[[ MATERIALS PROVIDED, beginning ]]

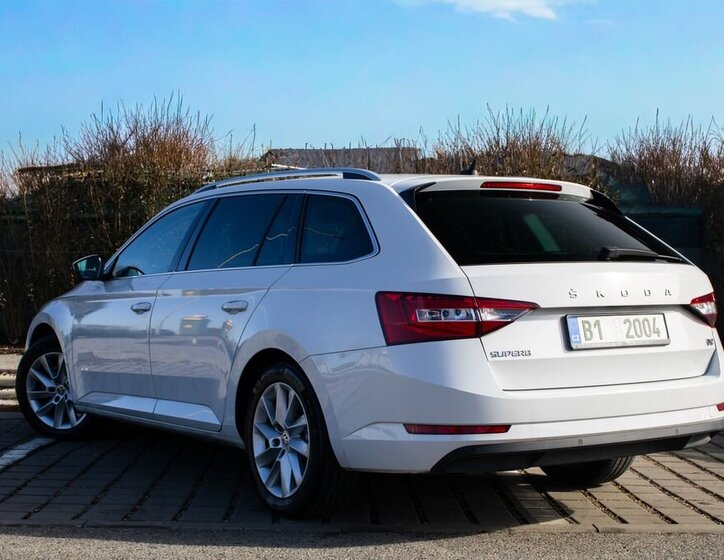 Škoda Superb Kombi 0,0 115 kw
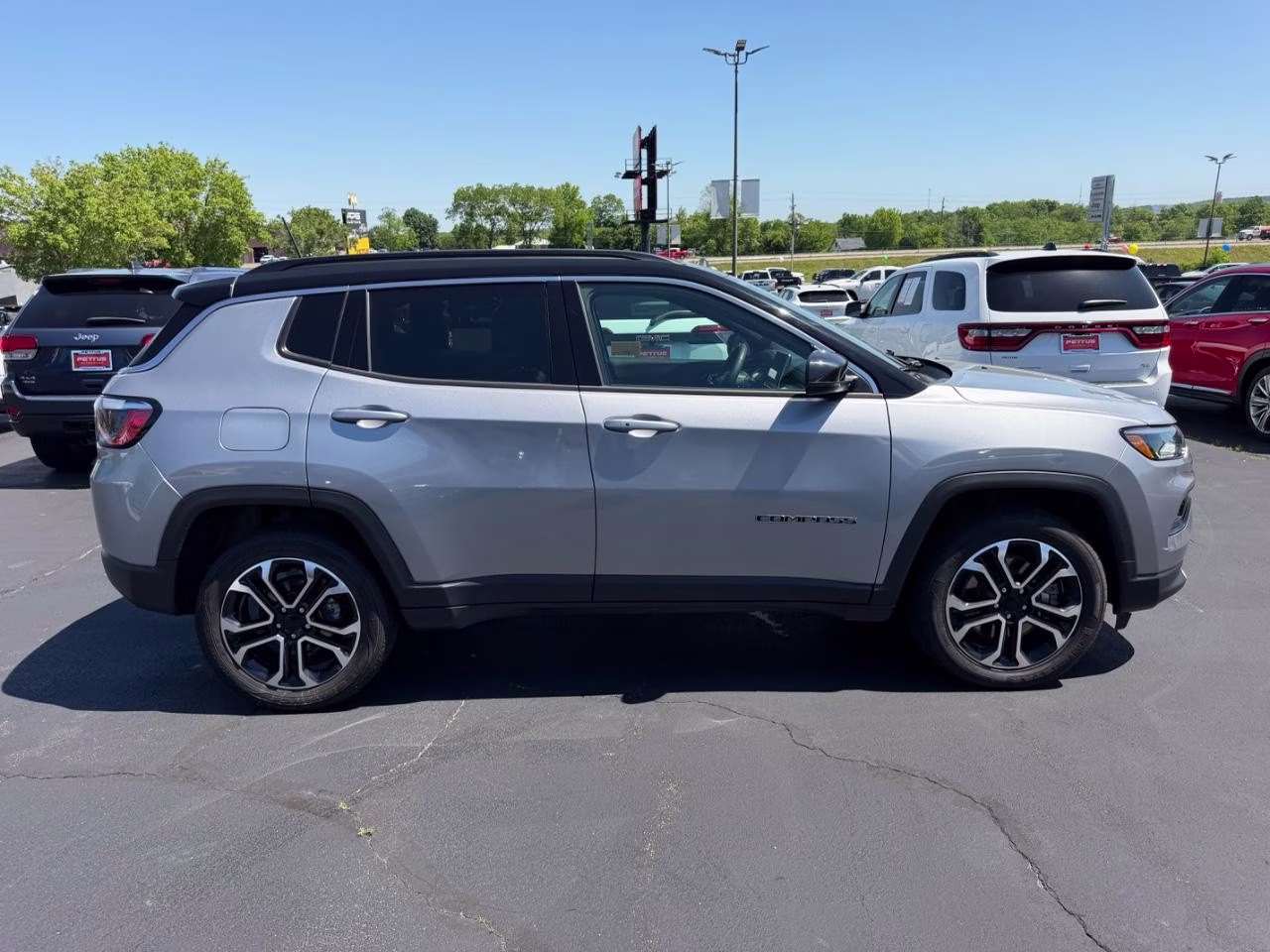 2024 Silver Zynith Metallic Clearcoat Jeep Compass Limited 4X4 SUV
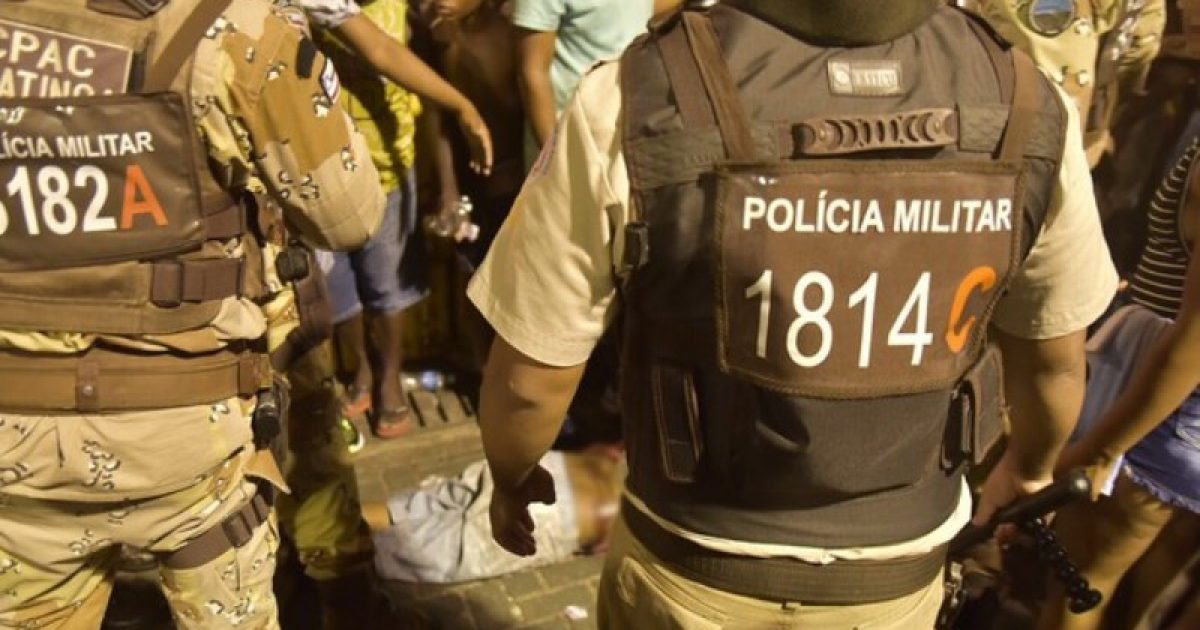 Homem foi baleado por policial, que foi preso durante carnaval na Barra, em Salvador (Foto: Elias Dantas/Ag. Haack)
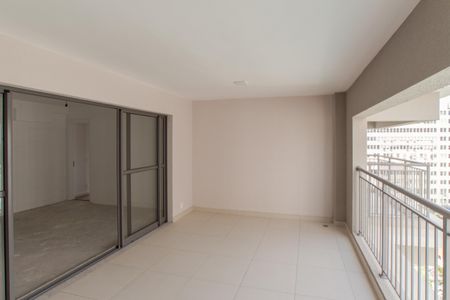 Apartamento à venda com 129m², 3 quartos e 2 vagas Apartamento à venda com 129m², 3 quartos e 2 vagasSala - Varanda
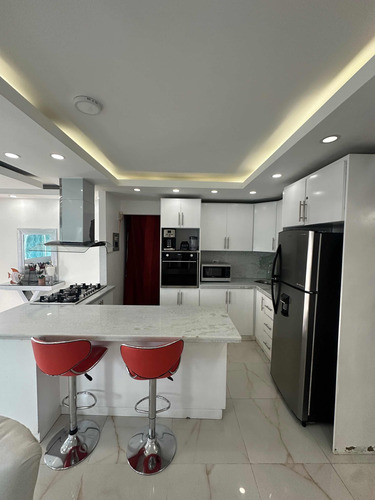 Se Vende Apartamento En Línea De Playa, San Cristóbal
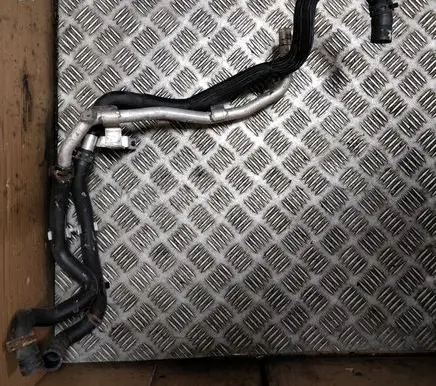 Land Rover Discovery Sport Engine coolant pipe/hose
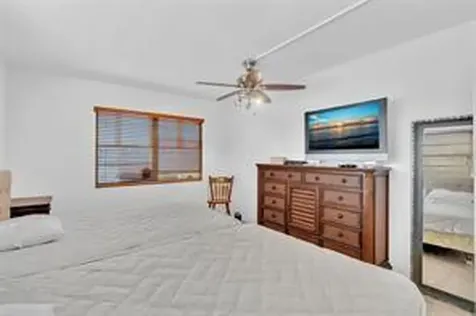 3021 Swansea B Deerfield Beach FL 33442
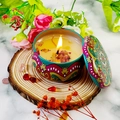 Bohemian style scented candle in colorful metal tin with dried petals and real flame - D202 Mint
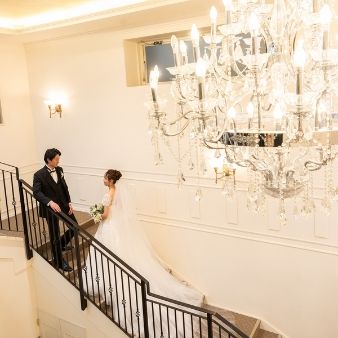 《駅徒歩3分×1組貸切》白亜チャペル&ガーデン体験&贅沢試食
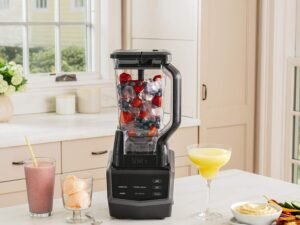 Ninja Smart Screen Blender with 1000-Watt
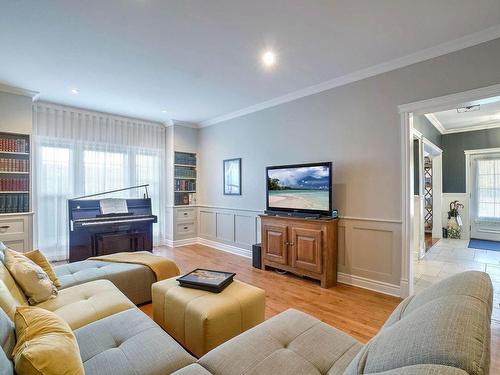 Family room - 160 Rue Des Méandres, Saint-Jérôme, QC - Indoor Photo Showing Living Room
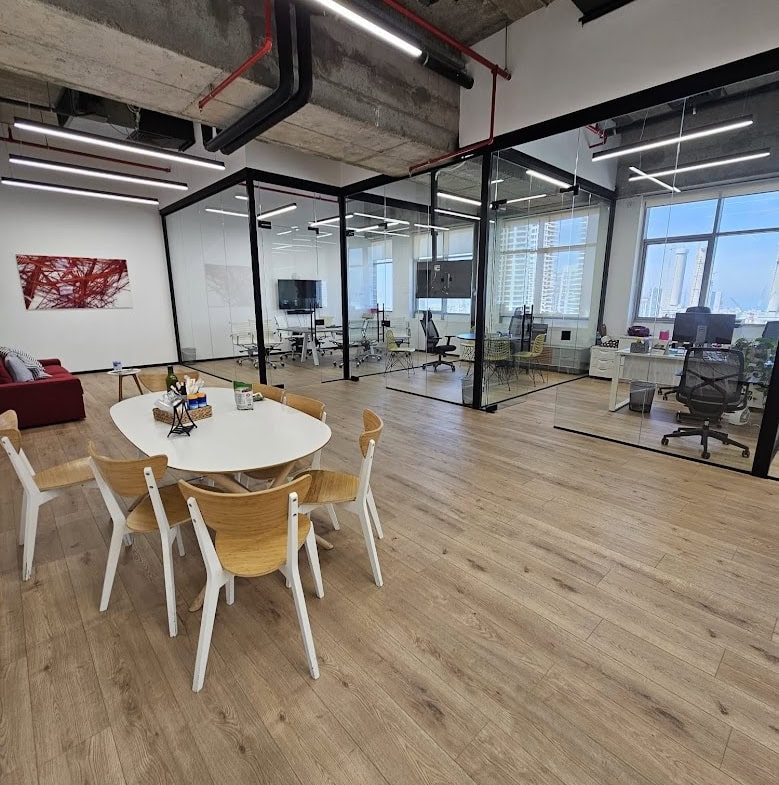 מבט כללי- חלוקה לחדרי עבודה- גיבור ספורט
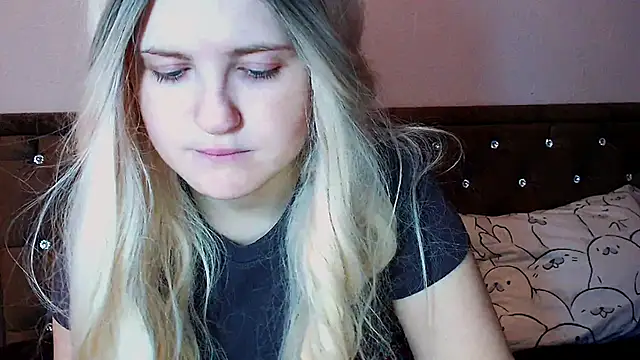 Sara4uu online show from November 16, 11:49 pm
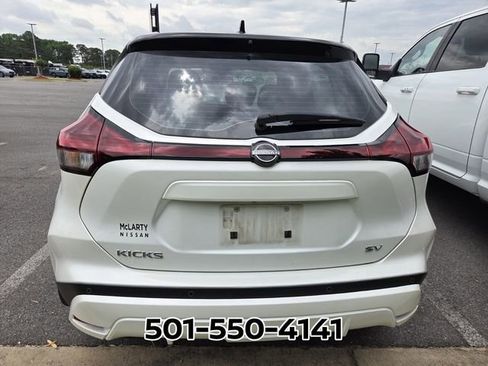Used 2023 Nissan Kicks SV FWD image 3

[[ MATERIALS PROVIDED, end ]]

§ YOUR GOAL
The range to transcribe runs from the line holding "מבט כללי- חלוקה לחדרי עבודה- גיבור ספורט" through the final line of the data above; copy it exactly and exclude the pictures.

§ PROBLEM SOLUTION
 מבט כללי- חלוקה לחדרי עבודה- גיבור ספורט
 Sara4uu online show from November 16, 11:49 pm
Used 2023 Nissan Kicks SV FWD image 3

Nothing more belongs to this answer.